If you’ve spent any time in Colorado you know that the weather can be unpredictable, changing at a moments notice. The saying goes something like, “If you don’t like the weather in Colorado wait 15 minutes, it’ll change.” We like to joke that in the high country it’s more like 15 seconds.
We’ve been on the river in sunshine, rain, and snow all in the same afternoon. It’s always best to be prepared. We have another saying, “It’s easier to cool off than to warm up.” This means you should be prepared and even dressed for the cold. If it turns out to be too warm you can always shed layers. Even on a sunny warm spring day the river water can be a cool 40 degrees fahrenheit 9or less!) splashing you all over.
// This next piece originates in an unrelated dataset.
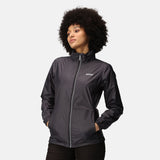 Regatta Corinne IV outdoorjas dames grijs maat S
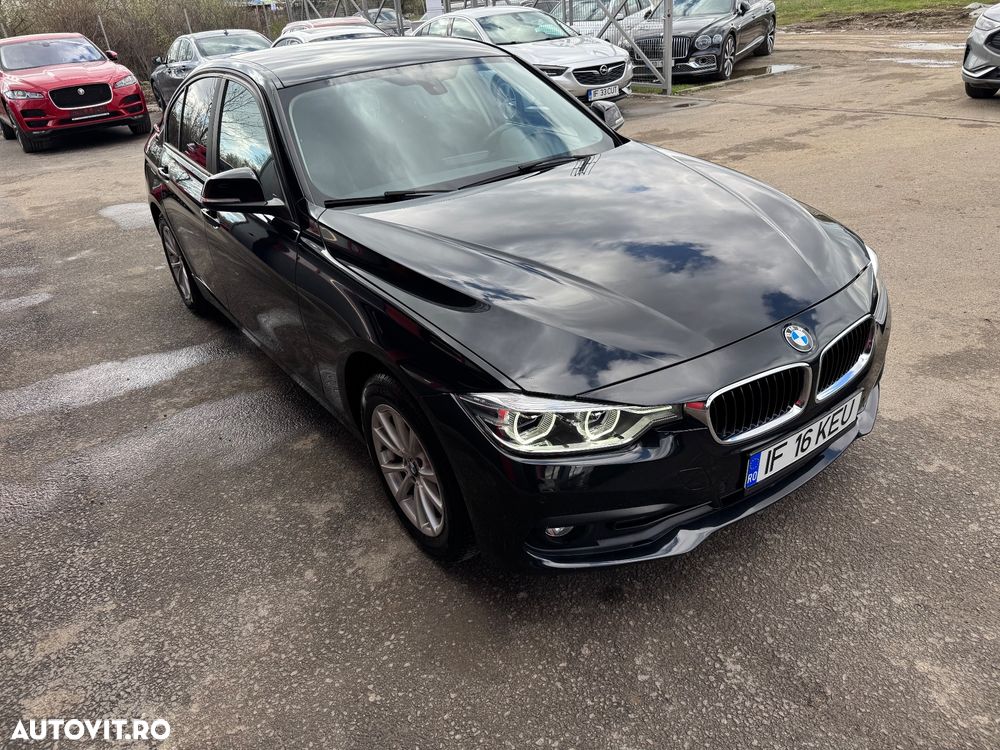 BMW Seria 3 318i Sport Line - 2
Where you are from can affect your comfort level as well. A person from Florida is going to feel more chilled by cooler air and water temperatures than someone from Alaska. Its all about what your body has been acclimated to.
A wetsuit goes a long way to helping you retain some of that precious body heat. Layering up with fleece jacket and pants, wool socks, and even a beanie can extend that heat retention. Splash or rain gear can add a layer to help keep most of the water off, and more importantly the wind. Wind can chill you significantly when you’re wet.
Any piece of cotton is going to get wet and stay wet until you get back home. Cotton takes forever to dry. So no t-shirts, save those for afterwards when you’ll appreciate that soft warmth.
In the summer the air temperature has increased and the water warms up slightly as most of the snowpack has melted and the river level drops. Especially on the lower sections like Bighorn Sheep Canyon and the Royal Gorge where it’s more of a high desert climate. However the monsoon season starts late summer so afternoon rainstorms are pretty common.
Here at Monumental Expeditions we rent wetsuits and splash jackets. They are highly recommended in the springtime when the runoff is high. Especially on The Numbers and Browns Canyon as they are much closer to all that melting snow and higher in elevation. Summertime comes a little later to the high country.